Rita Henderson, spokeswoman for Interior’s Bureau of Land Management in Reno, said Friday the agency had no immediate comment.
Ioneer Vice President Chad Yeftich said the Australia-based mining company intends to intervene on behalf of the U.S. and “vigorously defend” approval of the project, “which was based on its careful and thorough permitting process.”
“We are confident that the BLM will prevail,” Yeftich said. He added that he doesn’t expect the lawsuit will postpone plans to begin construction next year.
The lawsuit says the mine will harm sites sacred to the Western Shoshone people. That includes Cave Spring, a natural spring less than a mile (1.6 kilometers) away described as “a site of intergenerational transmission of cultural and spiritual knowledge.”
But it centers on alleged violations of the Endangered Species Act.

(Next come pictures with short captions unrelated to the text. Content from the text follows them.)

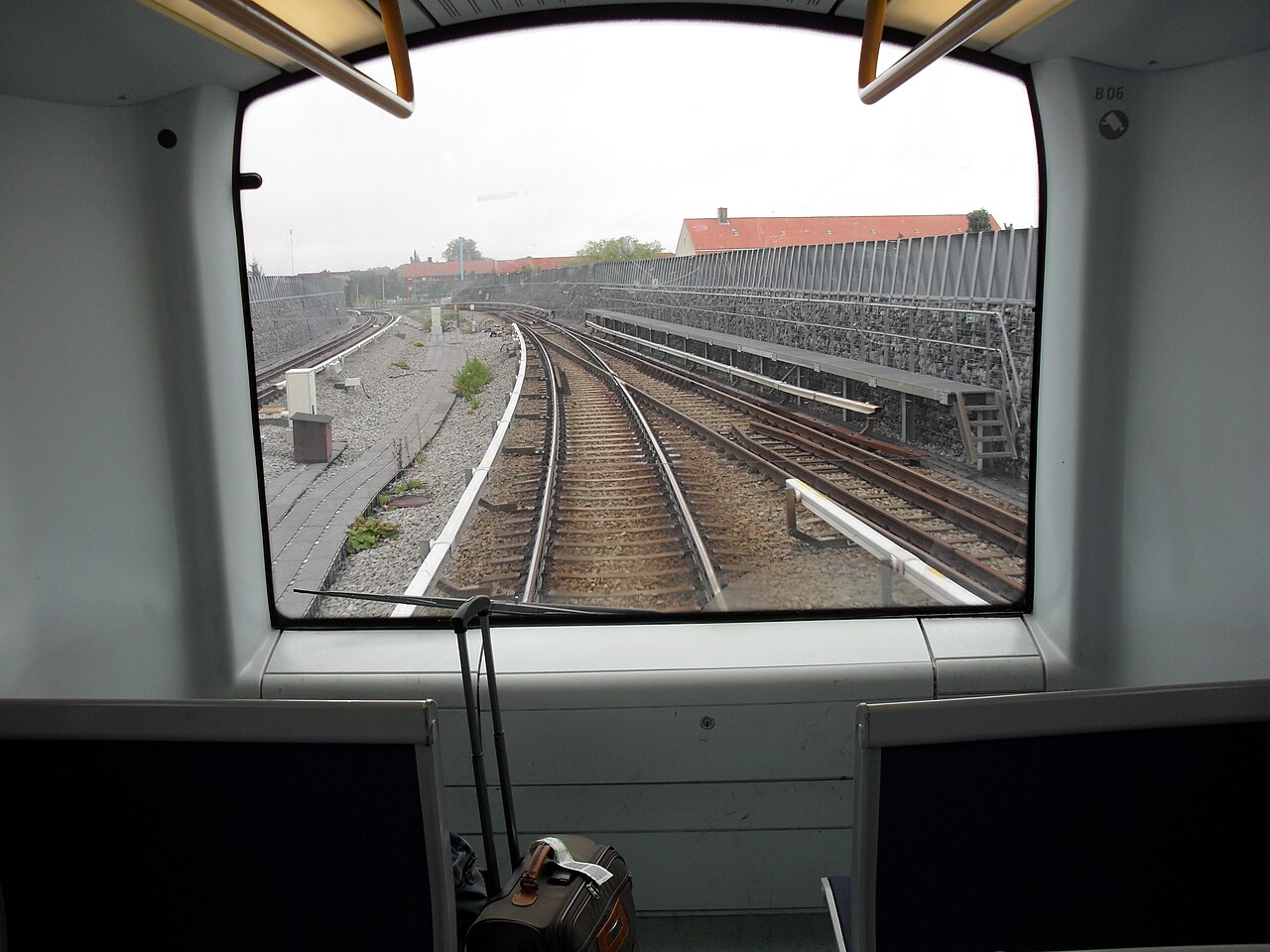 View from a Copenhagen Metro train leaving the airport station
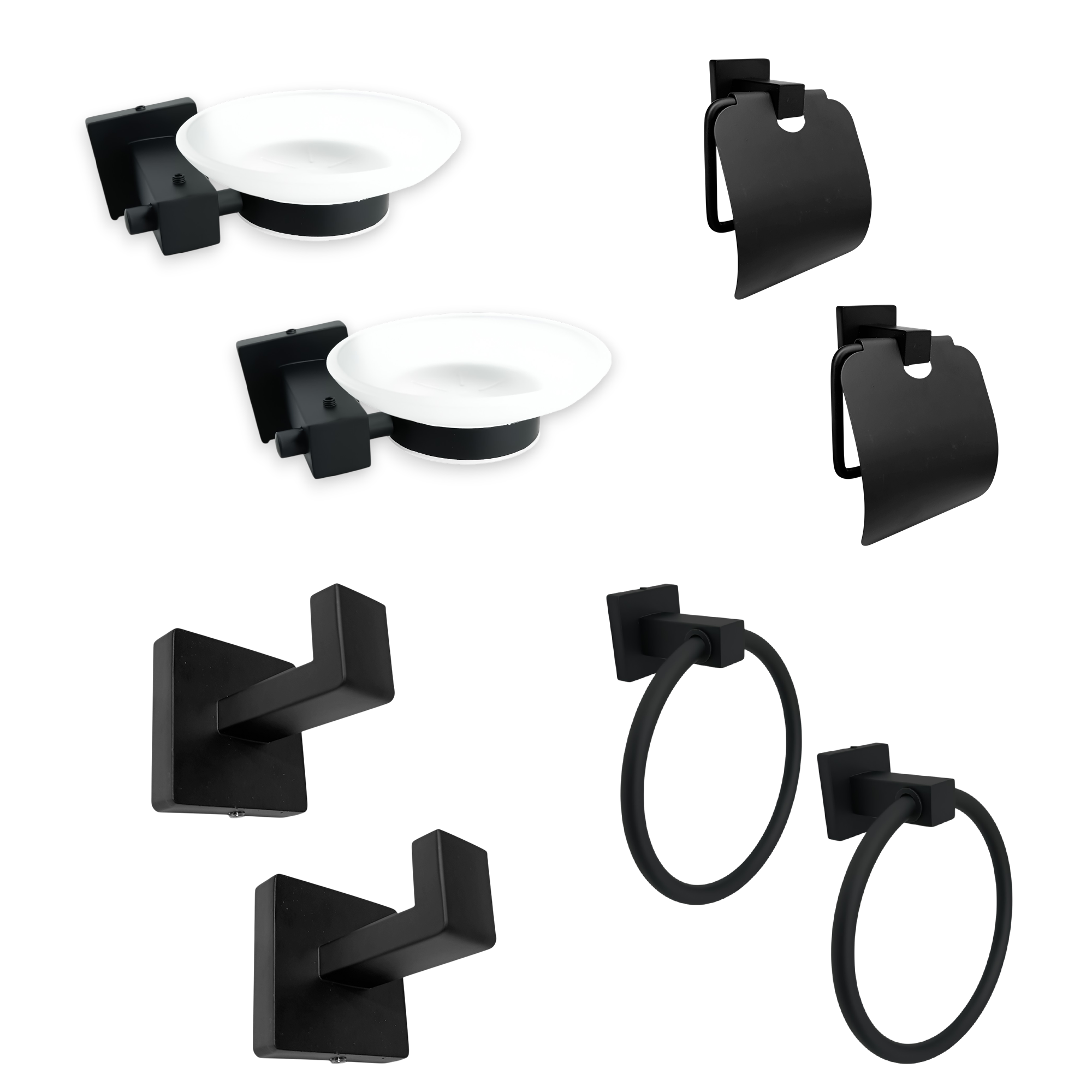 Pack x2 Accesorios Baño Negro Cuadrado x4 Piezas C1324 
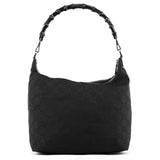 Gucci 000 0833 Black GG Nylon Bamboo Shoulder Bag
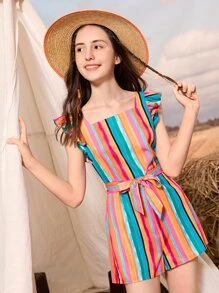 SHEIN Teen Girls Rainbow Striped Ruffle Trim Belted Jumpsuit - Multicolor - View 1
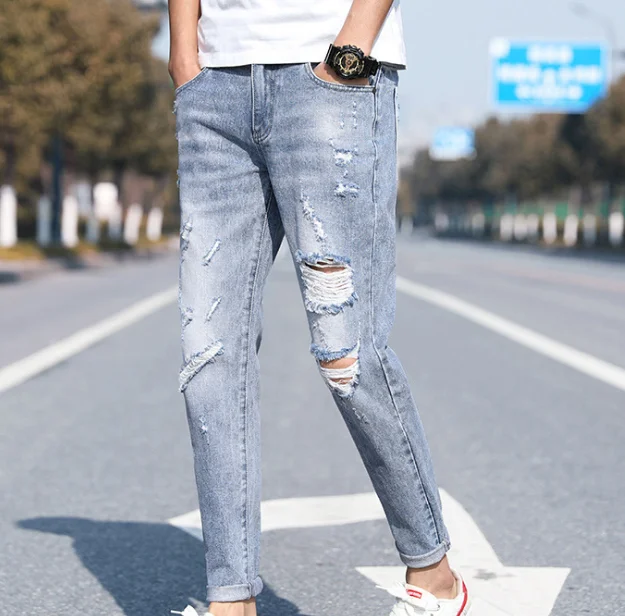 New trendy korean vintage style boys summer pants casual loose jeans for men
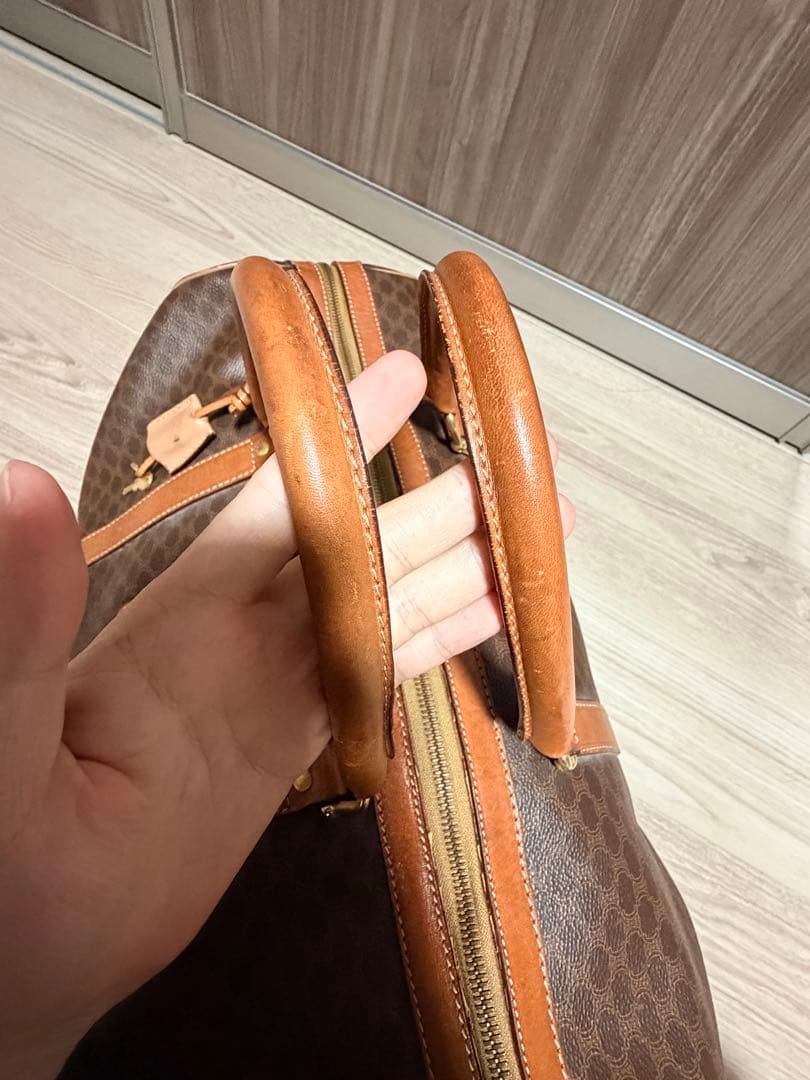 美品 CELINE セリーヌ マカダム柄 ボストンバッグ カデナ オールド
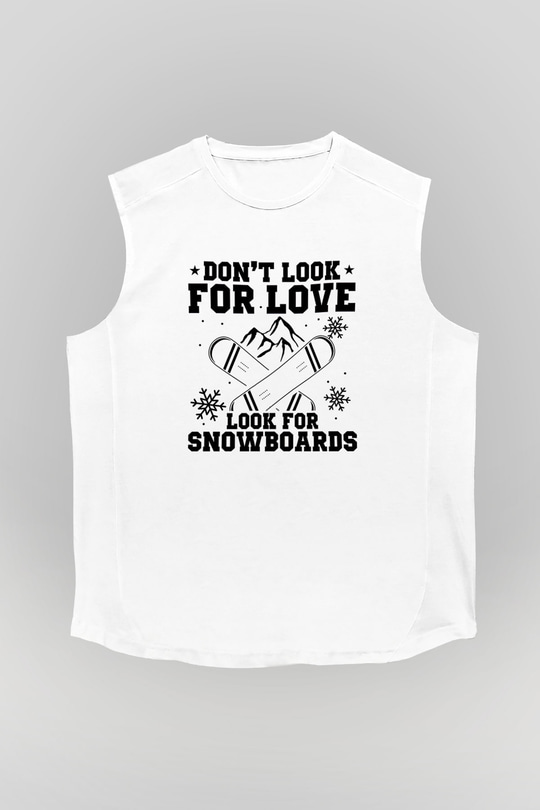 Snowboarding Baskılı Unisex Kolsuz Beyaz Tişört
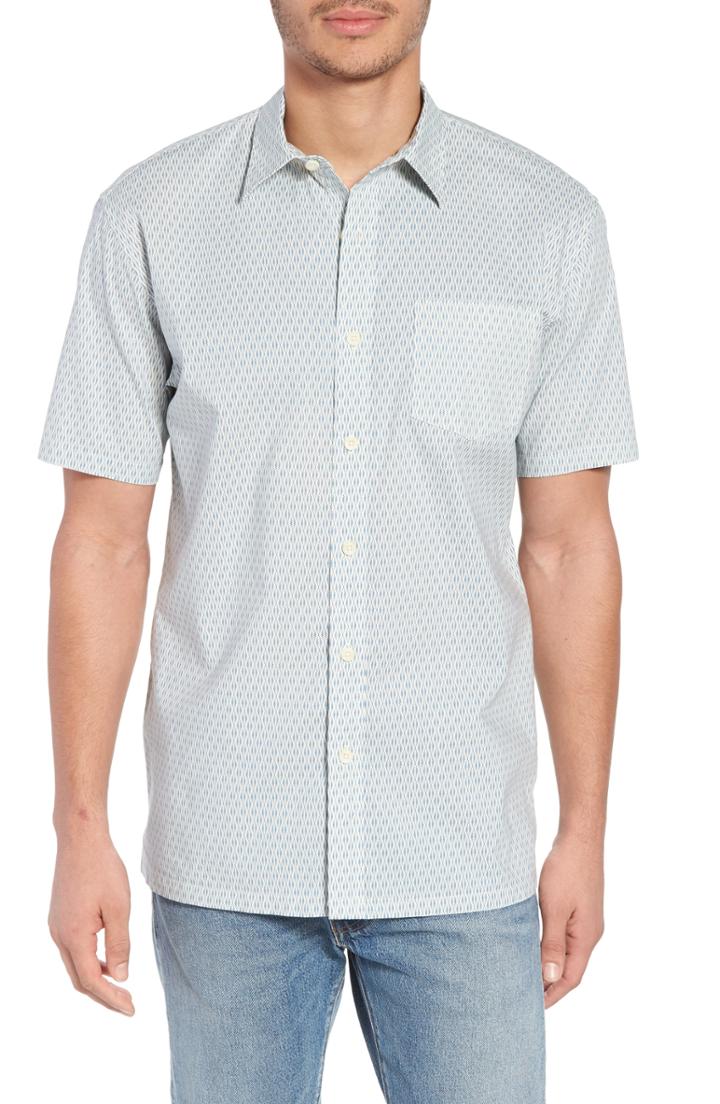 Men's Pendleton Fit Print Short Sleeve Sport Shirt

It details the Fish and Wildlife Service’s departure from the dire picture it painted earlier of threats to the 6-inch-tall (15-centimeter-tall) wildflower with cream or yellow blooms bordering the open-pit mine Ioneer plans to dig three times as deep as the length of a football field.
The mine’s permit anticipates up to one-fifth of the nearly 1.5 square miles (3.6 square kilometers) the agency designated as critical habitat surrounding the plants — home to various pollinators important to their survival — would be lost for decades, some permanently.
When proposing protection of the 910 acres (368 hectares) of critical habitat, the service said “this unit is essential to the conservation and recovery of Tiehm’s buckwheat.” The agency formalized the designation when it listed the plant in December 2022, dismissing the alternative of less-stringent threatened status.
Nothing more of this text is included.